*Exercise:* Write the data out again exactly, with every picture removed.

*Data:*
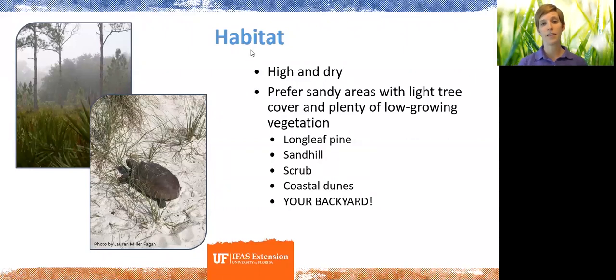In terms of their habitats, they can vary quite a bit, but they pretty much prefer areas where there is nice dry sand — think high and dry — because they need to excavate those burrows and don't want to be digging through hard clay. It can be a pine flatwoods habitat with not a lot of tree cover and lots of low vegetation, or even a coastal sand dune at the beach. They may even show up in your backyard depending on where you live.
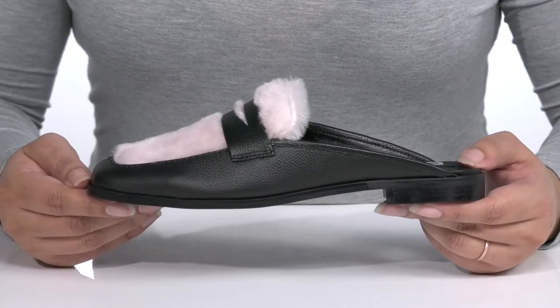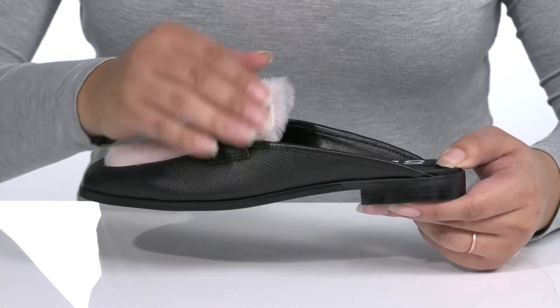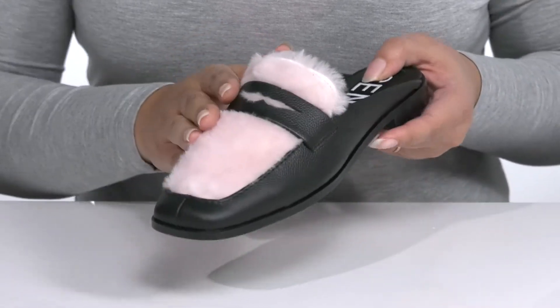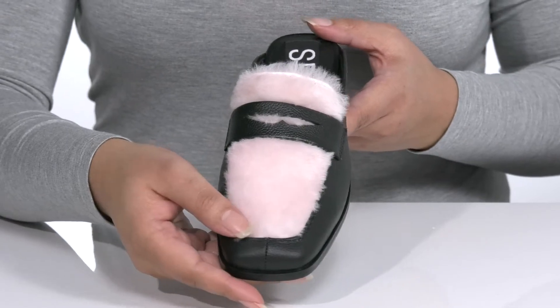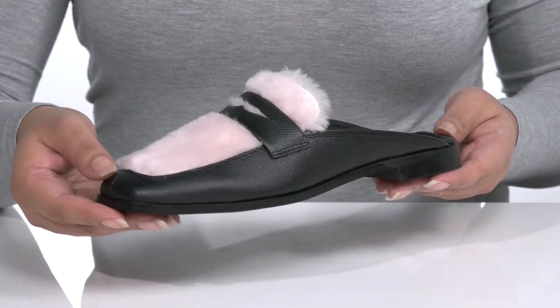The Gale Loafers by Senso features a leather upper with a square toe silhouette and wide opening with notches on each side of the tongue for easy slip-on. The vamp is covered in faux fur with a fixed strap, giving you a stylish and trendy look that's perfect for the season. These will look great with your favorite pair of denim and a nice blouse.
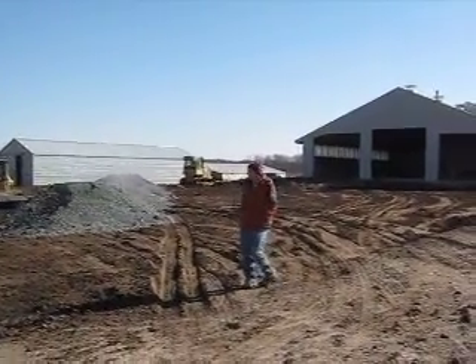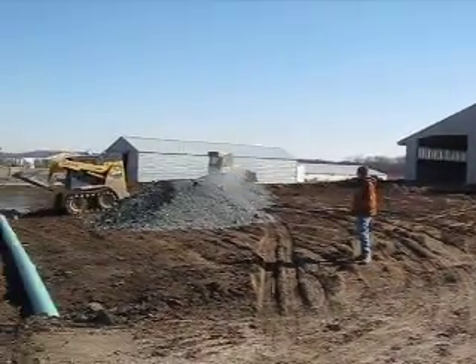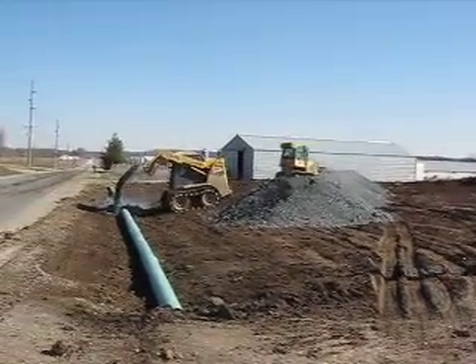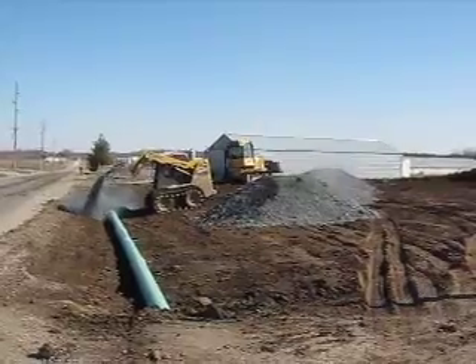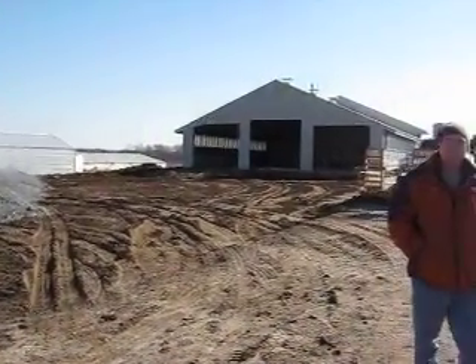As you can see, the earlier video clip showed cutting out the sod. Now, if you look, the sod's been removed and we're going to be putting in the base across the culvert pipe, getting the entire base down for the entrance into the building.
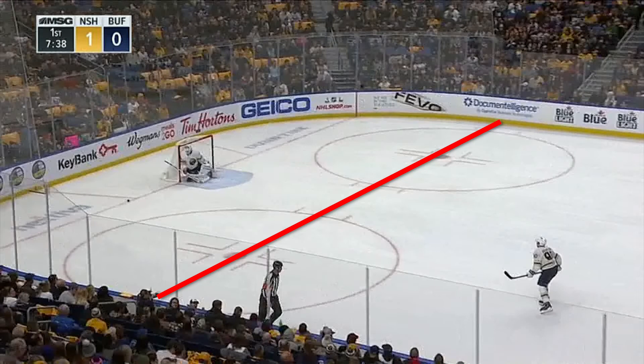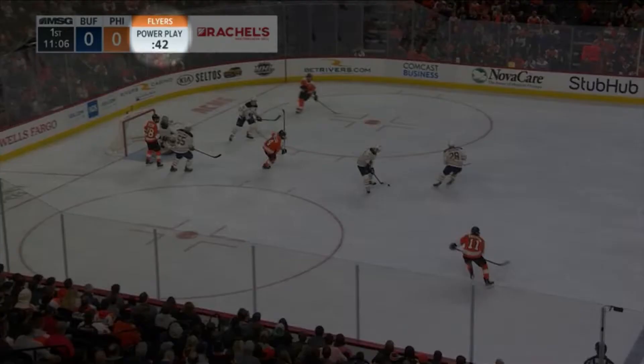It kind of gives the referee a judgment call — basically gives them a second to blow the whistle before there's any collision.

*Exercise solution:*
In terms of their habitats, they can vary quite a bit, but they pretty much prefer areas where there is nice dry sand — think high and dry — because they need to excavate those burrows and don't want to be digging through hard clay. It can be a pine flatwoods habitat with not a lot of tree cover and lots of low vegetation, or even a coastal sand dune at the beach. They may even show up in your backyard depending on where you live.
The Gale Loafers by Senso features a leather upper with a square toe silhouette and wide opening with notches on each side of the tongue for easy slip-on. The vamp is covered in faux fur with a fixed strap, giving you a stylish and trendy look that's perfect for the season. These will look great with your favorite pair of denim and a nice blouse.
As you can see, the earlier video clip showed cutting out the sod. Now, if you look, the sod's been removed and we're going to be putting in the base across the culvert pipe, getting the entire base down for the entrance into the building.
It kind of gives the referee a judgment call — basically gives them a second to blow the whistle before there's any collision.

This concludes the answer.